**BRIEF**
In the records below, find the line with "Cặp bố mẹ ôm"; retype that line and all the following lines through the end, exactly, and add nothing.

━━━━

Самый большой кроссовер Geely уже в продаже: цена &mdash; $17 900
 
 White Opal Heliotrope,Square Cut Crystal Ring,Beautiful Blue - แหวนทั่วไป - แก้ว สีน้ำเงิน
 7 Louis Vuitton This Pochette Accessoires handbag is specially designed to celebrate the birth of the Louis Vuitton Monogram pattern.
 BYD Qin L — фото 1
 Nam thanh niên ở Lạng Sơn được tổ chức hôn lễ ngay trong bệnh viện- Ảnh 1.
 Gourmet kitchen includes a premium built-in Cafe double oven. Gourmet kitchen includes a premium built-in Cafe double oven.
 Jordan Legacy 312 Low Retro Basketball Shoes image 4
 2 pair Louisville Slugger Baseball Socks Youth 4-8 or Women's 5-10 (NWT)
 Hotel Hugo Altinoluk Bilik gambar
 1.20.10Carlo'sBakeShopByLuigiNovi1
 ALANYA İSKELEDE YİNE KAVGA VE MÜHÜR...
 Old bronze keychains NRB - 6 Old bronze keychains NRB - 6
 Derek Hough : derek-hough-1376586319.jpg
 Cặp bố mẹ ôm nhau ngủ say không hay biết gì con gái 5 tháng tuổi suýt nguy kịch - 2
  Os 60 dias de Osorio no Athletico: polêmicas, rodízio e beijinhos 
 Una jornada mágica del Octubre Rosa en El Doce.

━━━━

**EXPECTED ANSWER**
 Cặp bố mẹ ôm nhau ngủ say không hay biết gì con gái 5 tháng tuổi suýt nguy kịch - 2
  Os 60 dias de Osorio no Athletico: polêmicas, rodízio e beijinhos 
 Una jornada mágica del Octubre Rosa en El Doce.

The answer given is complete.